Healthcare workers in front of the Post Office in Gracanica: Our existence is threatened; patients especially affected
Healthcare workers from central Kosovo gathered today in front of the Post Office in Gracanica to express their discontent with the decision of the Central Bank of Kosovo to ban transactions in dinars and to convey their concerns for both their own and their patients' livelihoods, stating that they are in a much more difficult position.
Dr. Dalibor Stojanovic, a specialist in general medicine, stated that healthcare workers had gathered spontaneously today at the place where they used to receive their salaries in dinars until February 1st, in order to express a peaceful protest and dissatisfaction with the recent events in Kosovo.
"We used to receive our salaries in dinars here until February 1st, but with the decision of the Kosovo authorities, we are now forced to go, as most of you already know, to the nearest branch of Komercijalna Banka in Kursumlija to withdraw our salaries. For most of us, this is additional harassment, an additional expense. A colleague had to take a day off a few days ago to go and apply for a debit card. She had to endure hardship on both sides of the administrative border. She waited there for three hours just to complete a simple administrative procedure that we used to do here. Not to mention other administrative procedures and services we used to access, such as requests for overdraft authorization, for which we will now have to travel 80 km in one direction to withdraw the salaries that we earned by doing our job as healthcare workers," Stojanovic said.
He emphasized that healthcare workers were just doing their job, not engaging in any illegal activities, but providing medical assistance to all patients, whether they were Serbs, Albanians, Roma people, Gorani people...
He pointed out that patients were in a particularly difficult situation.

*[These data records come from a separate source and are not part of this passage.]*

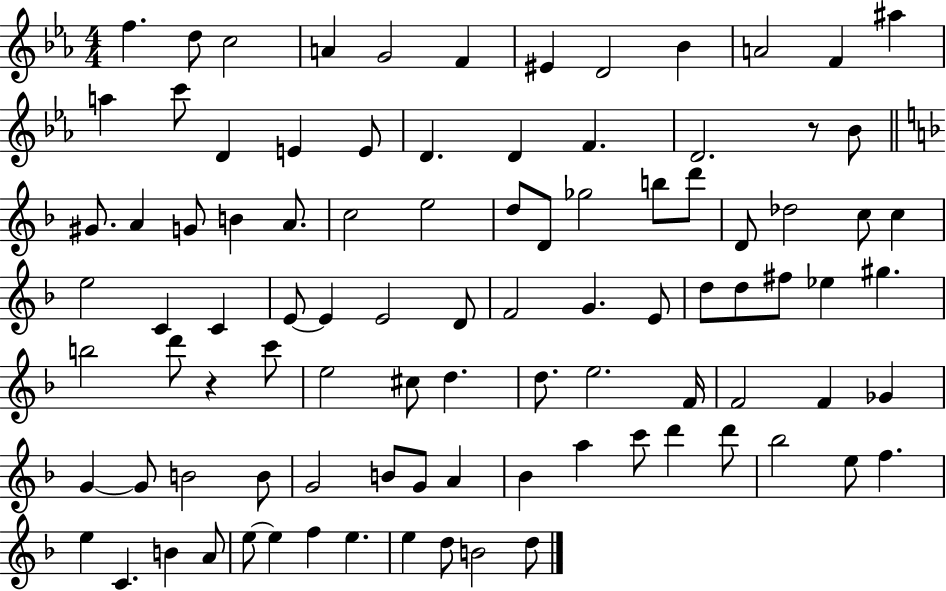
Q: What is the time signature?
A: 4/4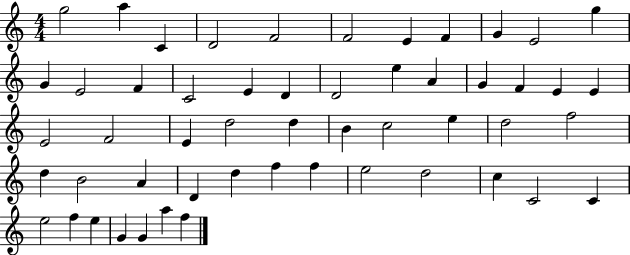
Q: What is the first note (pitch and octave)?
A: G5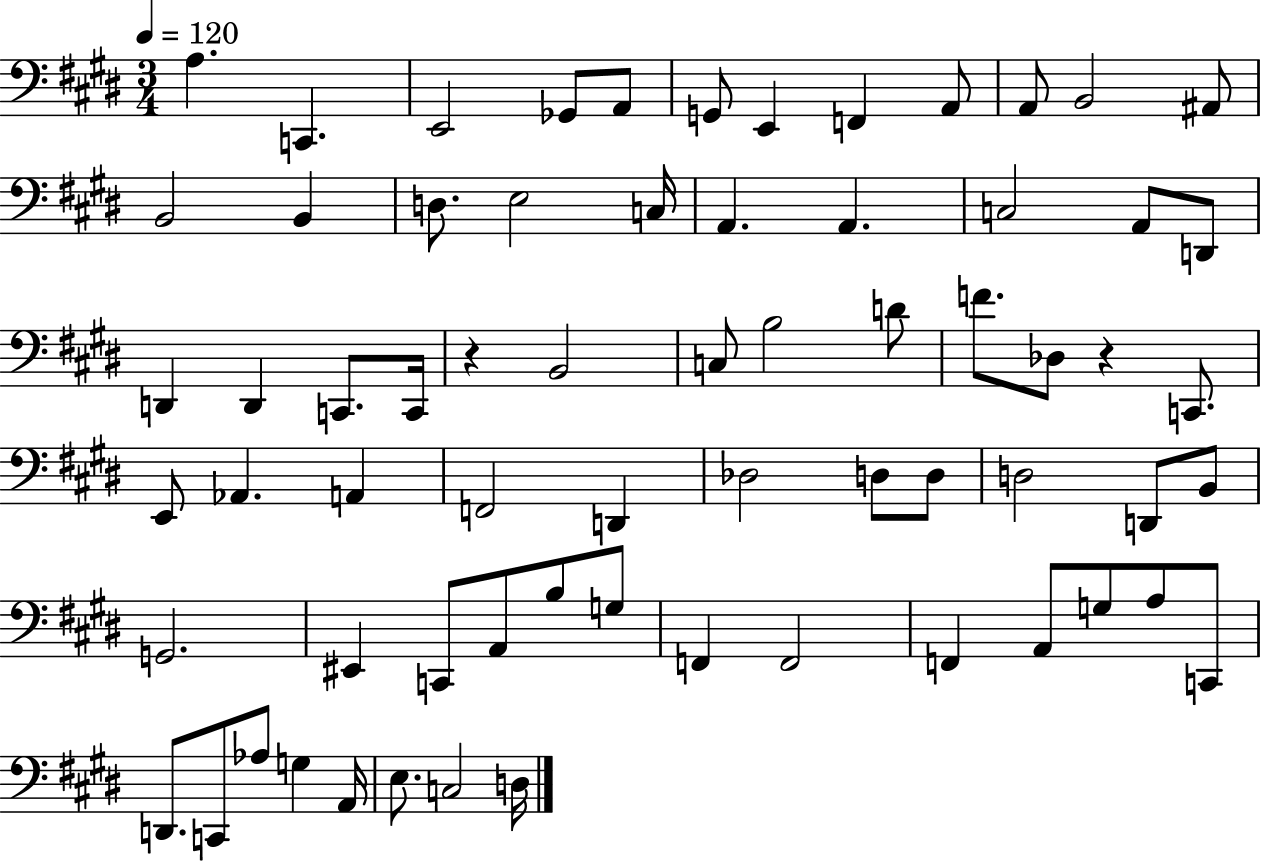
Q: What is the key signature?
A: E major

"You know yourself that certain patients have to pay a co-payment for some services. Now, with the ban on dinars, all of this jeopardizes the provision of healthcare and questions our livelihood, our stay, and our survival in these areas. Not to mention people who receive other benefits, such as minimum wage, will now not only have to travel an additional 160 km to withdraw their earnings, but they will also have to give a good portion of their earnings to organize and go to the first branches where they can withdraw their earnings," Stojanovic emphasized.

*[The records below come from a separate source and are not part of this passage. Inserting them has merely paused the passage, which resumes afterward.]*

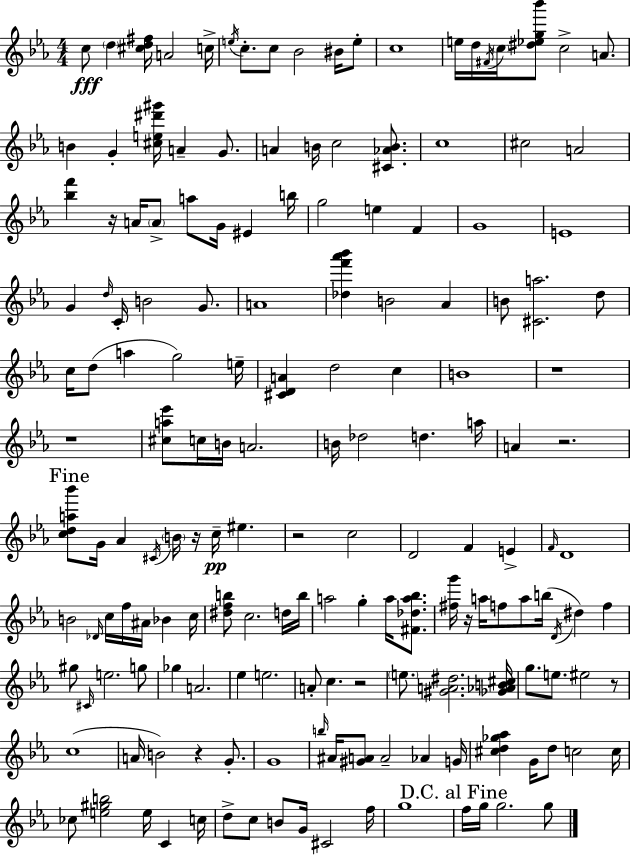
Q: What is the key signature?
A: EES major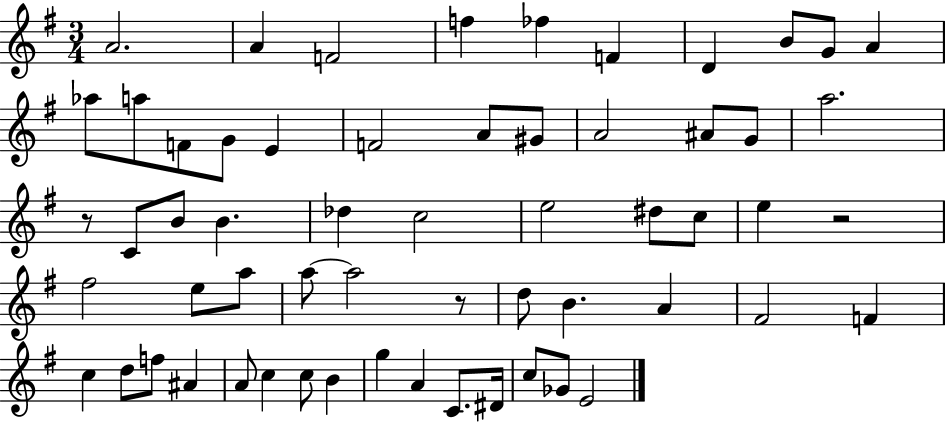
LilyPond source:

{
  \clef treble
  \numericTimeSignature
  \time 3/4
  \key g \major
  a'2. | a'4 f'2 | f''4 fes''4 f'4 | d'4 b'8 g'8 a'4 | \break aes''8 a''8 f'8 g'8 e'4 | f'2 a'8 gis'8 | a'2 ais'8 g'8 | a''2. | \break r8 c'8 b'8 b'4. | des''4 c''2 | e''2 dis''8 c''8 | e''4 r2 | \break fis''2 e''8 a''8 | a''8~~ a''2 r8 | d''8 b'4. a'4 | fis'2 f'4 | \break c''4 d''8 f''8 ais'4 | a'8 c''4 c''8 b'4 | g''4 a'4 c'8. dis'16 | c''8 ges'8 e'2 | \break \bar "|."
}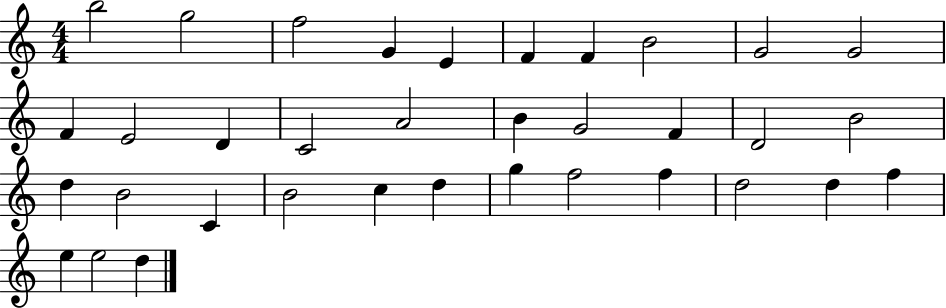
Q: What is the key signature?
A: C major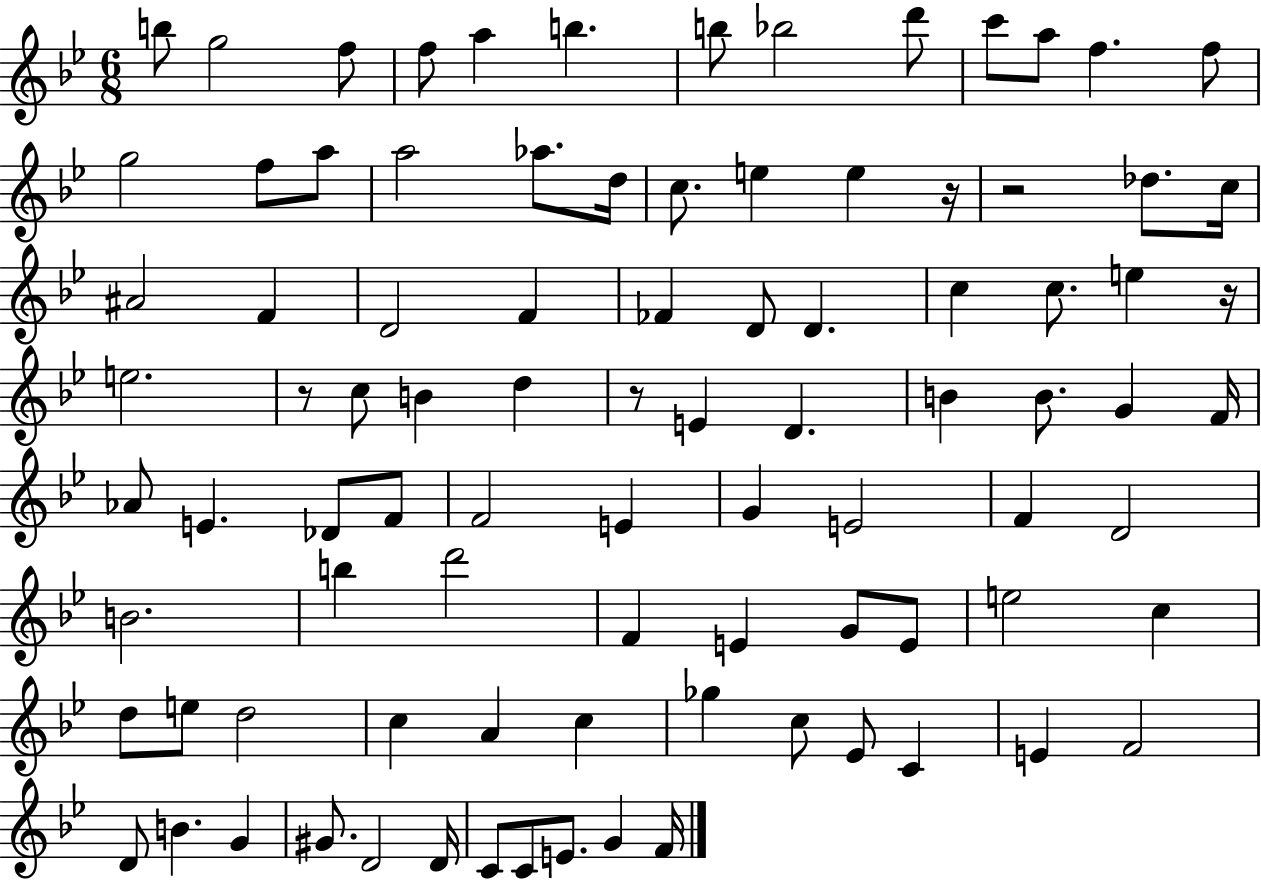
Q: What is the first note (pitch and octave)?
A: B5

Pediatrician Zorica Jovanic emphasized that healthcare workers might somehow manage to cope, and questioned how people who did not have the means to do so would manage.
"We receive our salary from our country in dinars, but we will somehow manage to withdraw that money and convert it into euros. But what about those people who are here, who do not have the means like us to go, withdraw, and return? They are left in the lurch. Nobody listens to us, and in fact, it's all a perfidious game, a subtle game of the powerful, and we are small and we can't do anything, and that's the problem. Let's agree, let's sit down and agree on what we need to do for each other, to live in peace beside each other, if we can't do it together and forget all that is behind us and live in better conditions and better times," Jovanic said.
Specialist in intensive care, Vladimir Petkovic, stated that healthcare workers provided medical assistance to all people regardless of their national or religious affiliation and that every patient was treated equally.
Petkovic recalled that the functioning of healthcare institutions operating under the system of the Republic of Serbia was certainly made difficult due to inadequate and irregular supply of medicines and disposable medical supplies and equipment.
"And this move by the administration from Pristina makes our work, as healthcare workers, not only more difficult, but our concern is primarily greater because this move primarily jeopardizes our patients. Among them are many elderly people, sick, debilitated, semi-mobile or immobile individuals who have absolutely no possibility to collect their pensions or social benefits, so how will they manage to feed themselves, how will they go to buy medicines, which unfortunately are not sufficiently available in healthcare institutions," Petkovic said.
He appealed to international representatives to ensure basic rights to life and existence for healthcare workers, and above all, for patients.